*AVAILABLE DATA:*
>>>
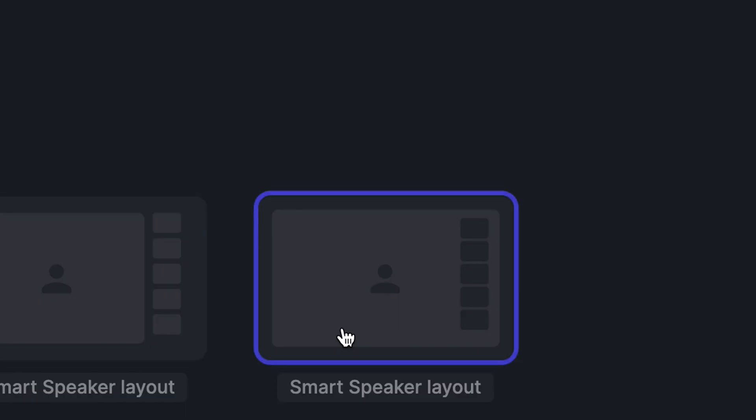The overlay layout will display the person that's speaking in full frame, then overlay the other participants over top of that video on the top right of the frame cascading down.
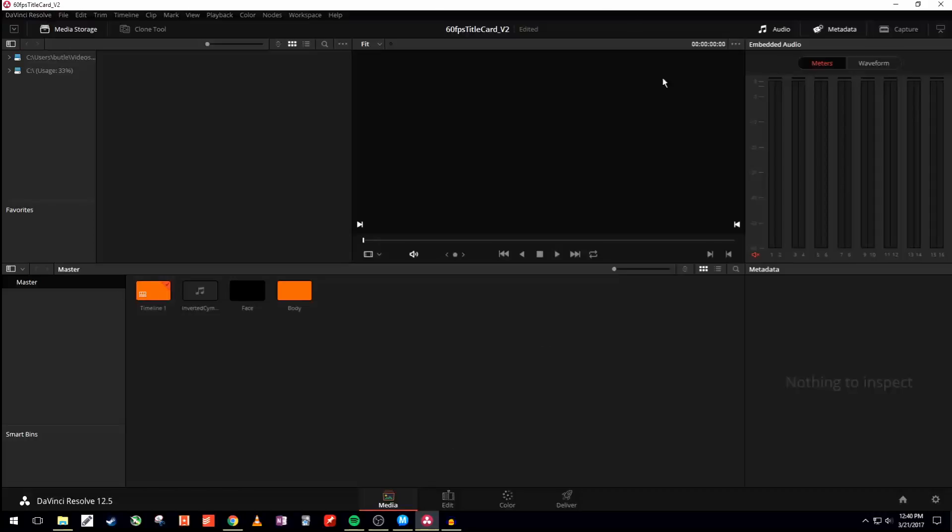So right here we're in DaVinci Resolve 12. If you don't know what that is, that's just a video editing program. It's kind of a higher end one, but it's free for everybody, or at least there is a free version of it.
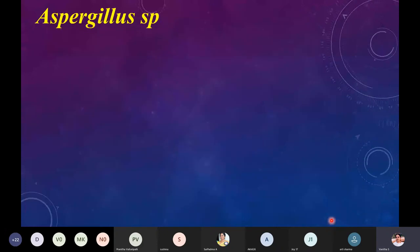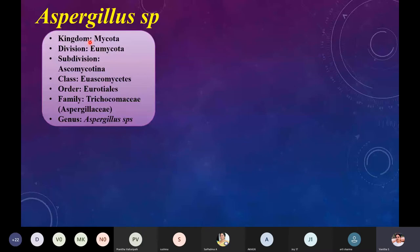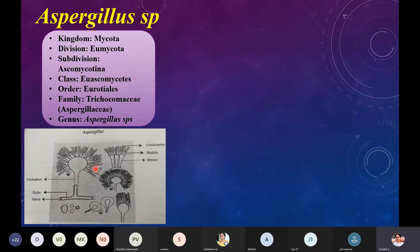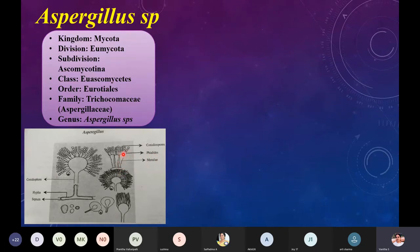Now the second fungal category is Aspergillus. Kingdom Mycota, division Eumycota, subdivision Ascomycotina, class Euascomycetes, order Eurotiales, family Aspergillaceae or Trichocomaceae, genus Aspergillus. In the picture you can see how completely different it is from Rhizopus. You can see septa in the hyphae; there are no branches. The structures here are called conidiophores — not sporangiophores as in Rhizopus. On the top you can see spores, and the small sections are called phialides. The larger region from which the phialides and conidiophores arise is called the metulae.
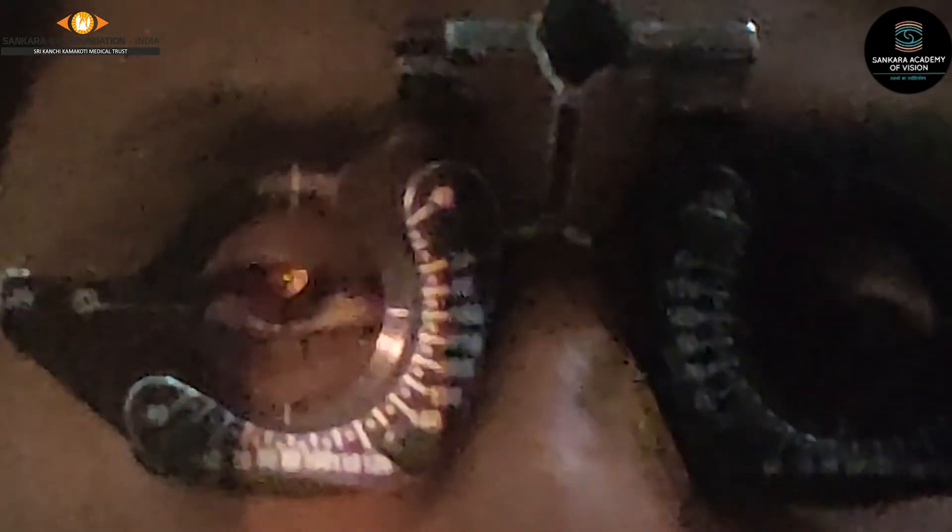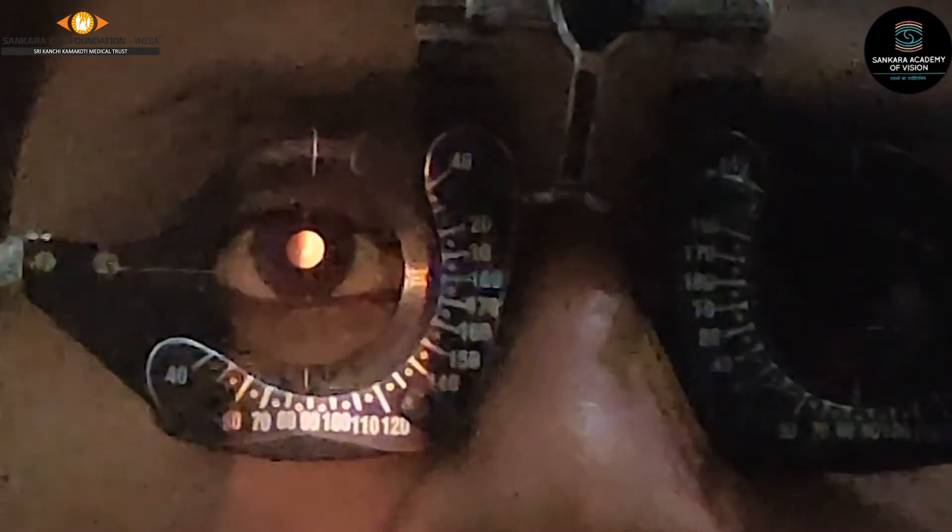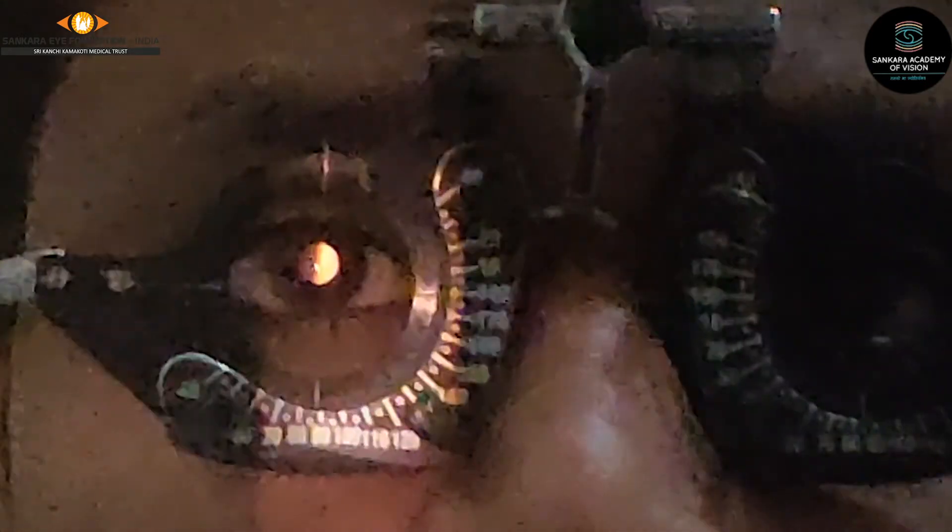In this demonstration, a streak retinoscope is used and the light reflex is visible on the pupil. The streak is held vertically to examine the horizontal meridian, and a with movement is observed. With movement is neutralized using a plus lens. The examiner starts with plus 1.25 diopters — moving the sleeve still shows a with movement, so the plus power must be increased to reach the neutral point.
<<<
*INSTRUCTIONS FOR THE TASK:* With the pictures excluded, restate the material exactly as it stands.

*TASK RESULT:*
The overlay layout will display the person that's speaking in full frame, then overlay the other participants over top of that video on the top right of the frame cascading down.
So right here we're in DaVinci Resolve 12. If you don't know what that is, that's just a video editing program. It's kind of a higher end one, but it's free for everybody, or at least there is a free version of it.
Now the second fungal category is Aspergillus. Kingdom Mycota, division Eumycota, subdivision Ascomycotina, class Euascomycetes, order Eurotiales, family Aspergillaceae or Trichocomaceae, genus Aspergillus. In the picture you can see how completely different it is from Rhizopus. You can see septa in the hyphae; there are no branches. The structures here are called conidiophores — not sporangiophores as in Rhizopus. On the top you can see spores, and the small sections are called phialides. The larger region from which the phialides and conidiophores arise is called the metulae.
In this demonstration, a streak retinoscope is used and the light reflex is visible on the pupil. The streak is held vertically to examine the horizontal meridian, and a with movement is observed. With movement is neutralized using a plus lens. The examiner starts with plus 1.25 diopters — moving the sleeve still shows a with movement, so the plus power must be increased to reach the neutral point.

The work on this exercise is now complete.